Aim of the exercise:
If a line below falls between the line with "Área Rural para" and the line with "Cryptomeria japonica 'Sekkan'", or is one of those two, output it exactly; output nothing else and no pictures.

Task input:

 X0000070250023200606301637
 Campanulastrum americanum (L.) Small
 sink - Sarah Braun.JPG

==

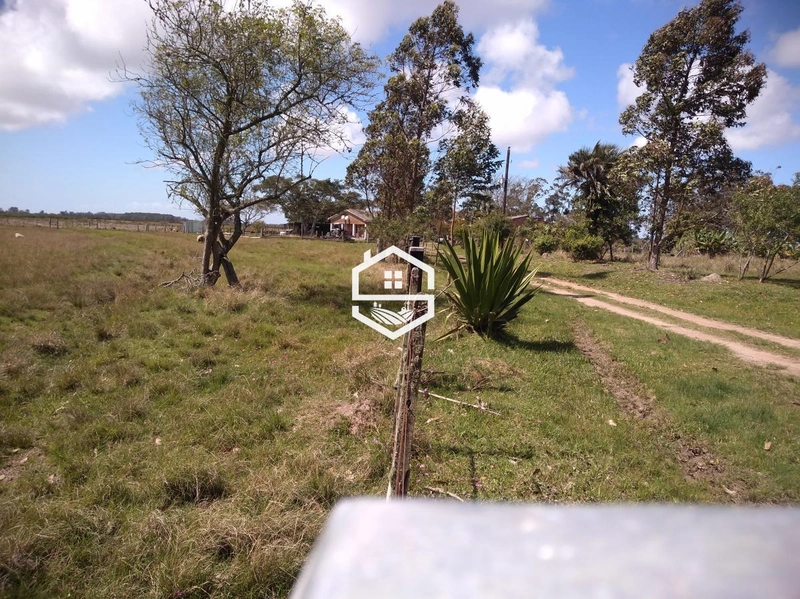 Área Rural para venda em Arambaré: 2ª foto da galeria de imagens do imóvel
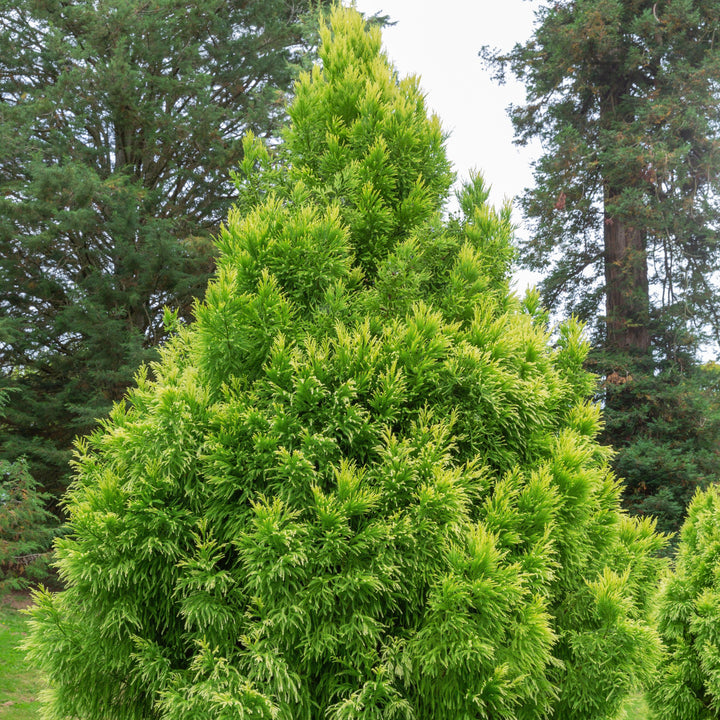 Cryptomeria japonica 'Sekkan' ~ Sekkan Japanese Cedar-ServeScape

Response:
 Área Rural para venda em Arambaré: 2ª foto da galeria de imagens do imóvel
 Cryptomeria japonica 'Sekkan' ~ Sekkan Japanese Cedar-ServeScape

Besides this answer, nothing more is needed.